NASA's Artemis II mission has passed every major test since its launch on April 1, with its rocket, spacecraft, and crew performing better than engineers had dared to hope for.
The mission's first six days have shown that the Orion capsule works as designed with people on board for the first time - something no simulator could prove. Perhaps its greatest achievement, though, is through the actions of the Artemis crew, which have generated hope, agency, and optimism for a world appearing to be in desperate need of inspiration.
But the bigger question remains - is a Moon landing by 2028, as NASA and President Trump want, now really an achievable goal?
What Artemis II has taught us so far
A few days after NASA's Space Launch System (SLS) reached the launch pad at Kennedy Space Centre, the most important lesson about Artemis II had already been learned. After two scrubbed launches in February and again in March because of separate technical issues, NASA Administrator Jared Isaacman said, launching a rocket as important and as complex as SLS every three years is not a path to success.
The agency, he said, had to stop treating each rocket like a work of art and start launching with the frequency of a programme that means serious business. It was, in effect, a declaration that relearning the same lessons every three years had to stop.
That matters, because it reframes everything that has followed. Judged against that ambition, what has the mission shown us in the six days since Reid Wiseman, Victor Glover, Christina Koch, and Jeremy Hansen lifted off on April 1st? The short answer is more than even the optimists dared hope for.
A Rocket that did the job
The SLS generated 8.8 million pounds of thrust at liftoff and, by every measure engineers care about, performed to plan. Each phase of the ascent was, in the understated language of mission control, nominal: maximum dynamic pressure, main engine cut-off and booster separation.
Two of the three planned course corrections on the way to the Moon were scrapped because the trajectory was already so accurate they were not needed.

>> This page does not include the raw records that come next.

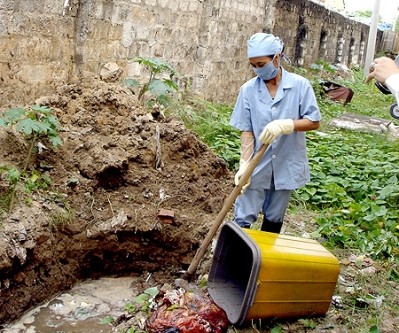 Chôn rác thải trong khuôn viên bệnh viện như thế này vẫn còn khá phổ biến ở các thành phố lớn- ảnh MH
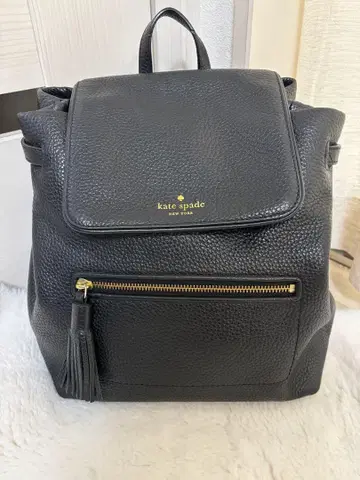 미사용 새상품 Kate spade 케이트 스페이드 블랙 가죽 럭색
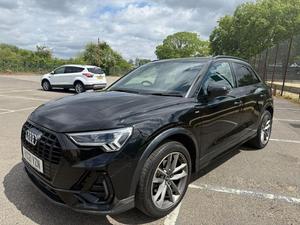 BONNE AFFAIRE 2021 Q3 1.5 TFSI COD 35 BLACK EDIITION S TRONIIC EURO 6 5DR - Product Image 3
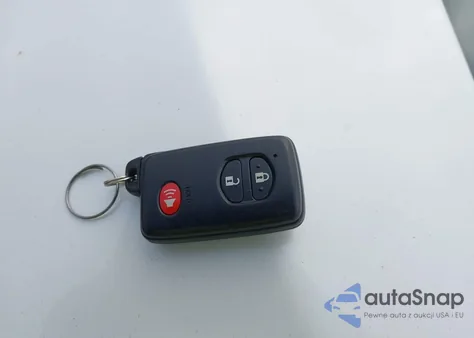 2013 Toyota Prius Two из США, поврежденный, VIN JTDKN3DU3D1644746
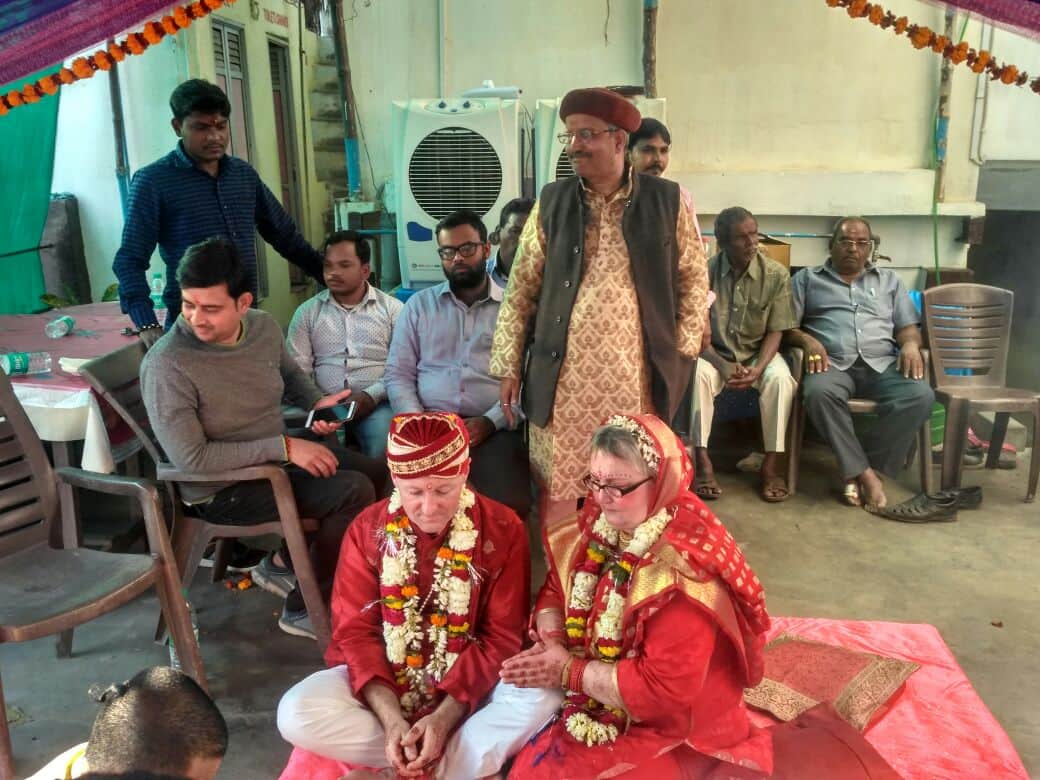 foreigner couple marriage in varanasi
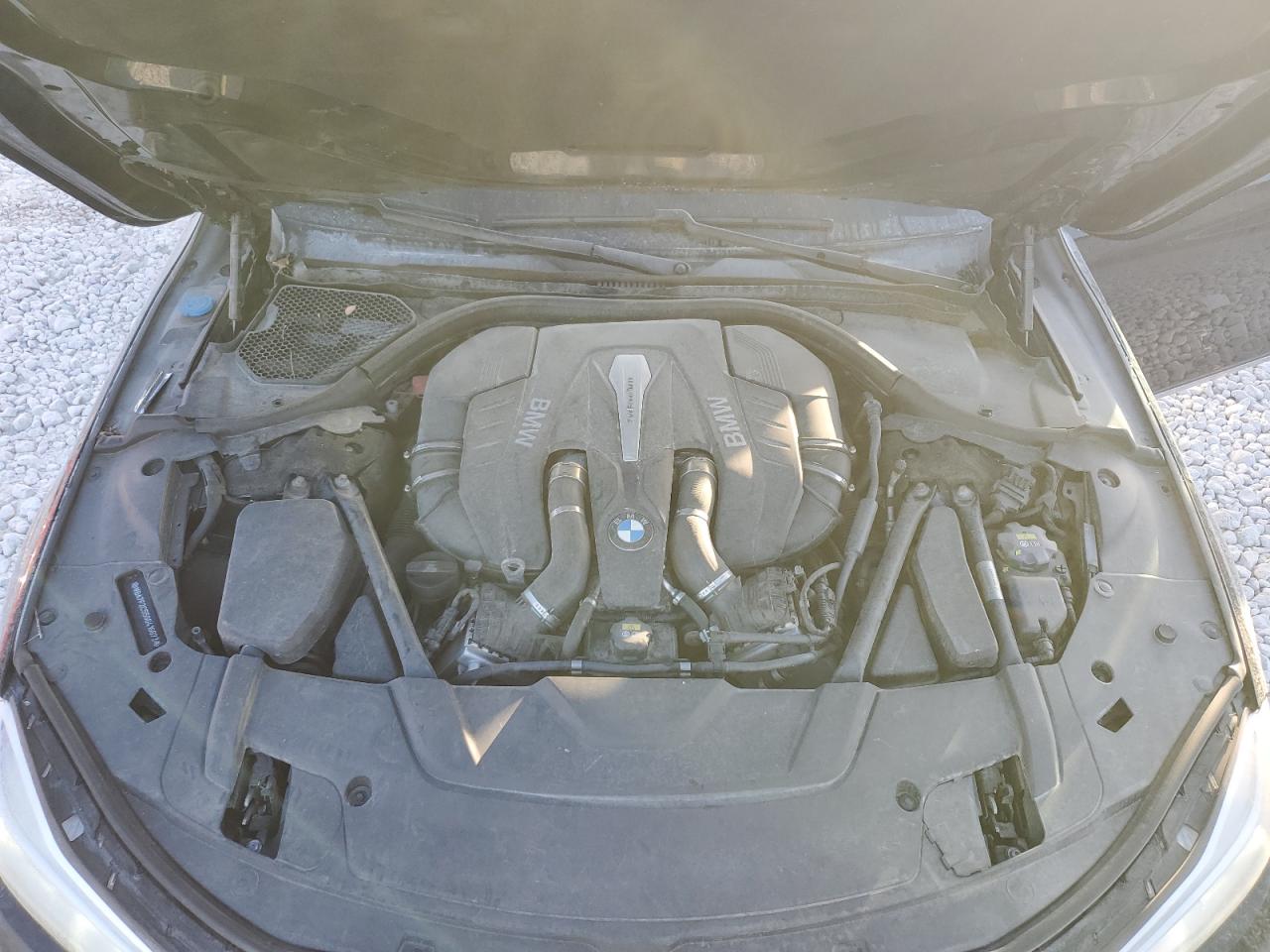 2016 BMW 7er VIN WBA7F2C55GG416673 Copart auction photo, normal wear damage thumbnail 11
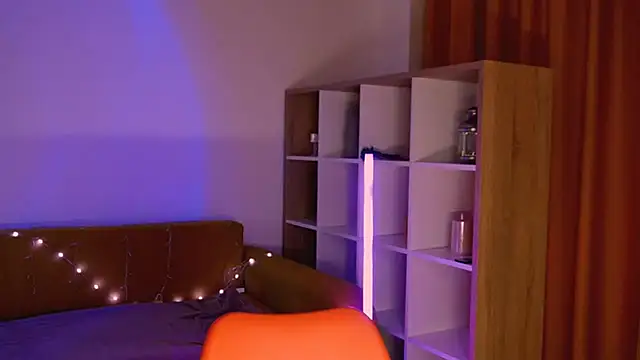 ZoeGrant online show from April 6, 2026, 4:46 am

As Dr. Simeon Barber, space scientist at the Open University, put it: Credit to them - they got it right the first time. A day after launch came the critical moment. Orion fired its main engine for five minutes and fifty-five seconds - known as the translunar injection burn - putting the spacecraft on a looping path to the Moon with no further major manoeuvres required. The powerful engine burn was flawless according to the head of the Artemis programme, Dr. Lori Glaze.
Humans in the machine
The official purpose of this mission is to put people inside Orion and find out what happens - not just to the spacecraft, but to the interaction between crew and machine. There have been toilet problems, a water dispenser issue requiring the crew to bag water as a precaution, and a minor redundancy loss in one of the helium systems was mentioned at an early press conference and quietly resolved. The engineers monitoring Orion's CO2 removal system are building the case that this vehicle is safe enough to carry people to the surface of the Moon.
Great science or NASA hype?
NASA has talked up the scientific returns. The crew made extensive observations during their flyby, around 35 geological features noted in real-time, and a solar eclipse from deep space. Nevertheless, the scientific value is limited compared to previous robotic missions that have gathered detailed data.
The biggest test to come
As the mission progresses, the focus shifts to Orion's re-entry into Earth's atmosphere, due to occur near San Diego on April 11. This critical moment will define the mission’s legacy more than any image of the Moon's far side. A Moon landing by 2028 remains a stretch, but the smoothness of this mission has shifted the probability in a positive direction.
Artemis II is a story of inspiration and science, resonating with echoes of the Apollo program. As we remember the Earth, a symbol of unity, we can look forward to future missions that promise not just one, but many lunar explorations to come.